Throughout the fall of 2023 and spring of 2024 semesters, the Spanish program within the Department of Modern Languages and Comparative Literature (MLCL) has been bustling with academic engagement. The program has hosted a variety of events, including guest lectures, orientation sessions, and an Open House for Spanish majors and minors.
In early March 2024, students and faculty attended the Globus lecture entitled “The Art of Colonization: Penal Colonies in the Philippines,” delivered by Professor Aurelie Vialette, (SUNY Stony Brook). Later that same month, Mexican film critics Arantxa Luna, Fabiola Santiago, and Orilia Torres de la Pena led a thought-provoking discussion on contemporary Mexican cinema and society.
In addition, Ms. Marlen Fernández Herrera, Assistant Director of the Peers for Careers Program at Starr Career Development Center, talked to Spanish minors on March 19, 2024. Her session informed students about the resources available at Starr and various career options.
In April 2024, several lectures and events were held. “Writing Your Own Story,” a Globus lecture featuring award-winning Puerto Rican playwright Carmen Rivera, engaged students from the “Latin American Theater” class in MLCL and “Latinas: A Cultural Survey” of the Department of Black and Latinx Studies. Rivera is the recipient of notable awards including an Obie.
An Open House for Spanish majors and minors was held on April 11, 2024, providing an opportunity for students and faculty to talk about the program, as well as discuss major and minor requirements and class offerings. The casual setting featured Latino food and pizza and was enlivened by presentations from graduating Spanish majors Daniel Galindo and Adriana Cuca. The students shared their experiences at Baruch and their career plans.
Following the Open House, Ms Soledad López, an award-winning bilingual actor and the co-director of Thalia Theater in Queens, shared insights into her professional development, experiences in the New York theater scene, and her passion for the theater. The students were captivated and stayed after the talk. This theater event, along with a field trip to see Carmen Rivera’s La Gringa at Repertorio Español Theater on May 7 was made possible by the generous support of the Paula Berggren Enrichment Fund.
A program in early April, co-sponsored by the Initiative for the Study of Latin America (ISLA), the Harman Writer-in-Residence Program, under the leadership of Professor Esther Allen, and with the collaboration of MLCL’s Japanese language section, brought the Japanese-Spanish translator and creator of zines Tana Oshimi to campus, to discuss her visual art and her work translating fiction by Yu Miri, Yuko Tsushima, Yasunari Kawabata and others into Spanish, now that publishing houses in Spain have begun commissioning translations directly from Japanese to Spanish.

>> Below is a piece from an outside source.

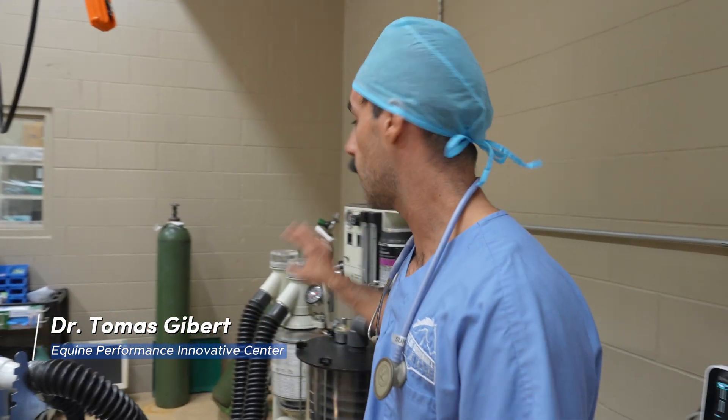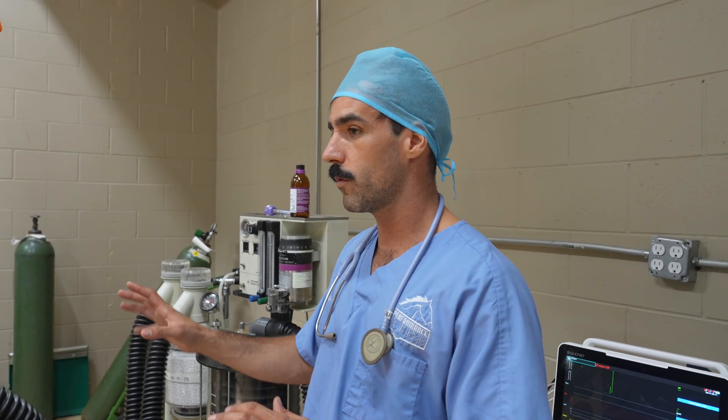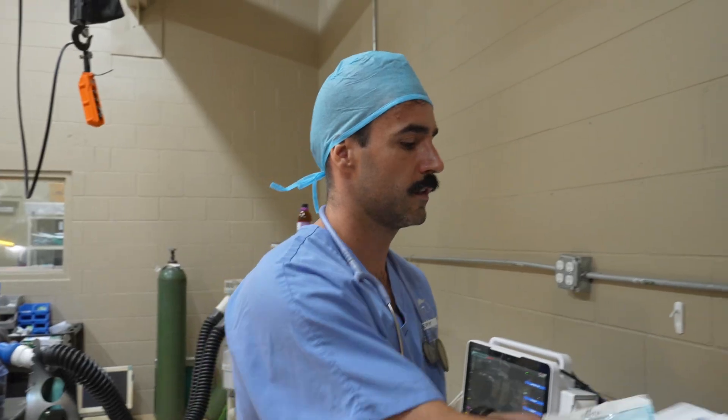We've put the horse on the table and connected him to the oxygen and the inhalant anesthetic. We're getting everything ready to set him up before surgery starts. This horse has a cyst on his left hind pastern, and the surgeon is going to place a screw through it to stop the development of that cyst.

Also in April, MLCL collaborated with the Cuban Cultural Center of New York (CCC) and hosted a book presentation and conversation with best-selling and award-winning writer, Armando Lucas Correa, whose novels have been translated into multiple languages.
Finally, in May, the Harman Writer-in-Residence program, in collaboration with MLCL and Black and Latinx Studies, presented Podcaster Alana Casanova-Burgess, the co-creator, host, and producer of WNYC Studio’s La Brega: Stories of the Puerto Rican Experience and the daughter of distinguished and long-time Spanish faculty, Dr. Olga Casanova-Burgess, who recently retired from Baruch.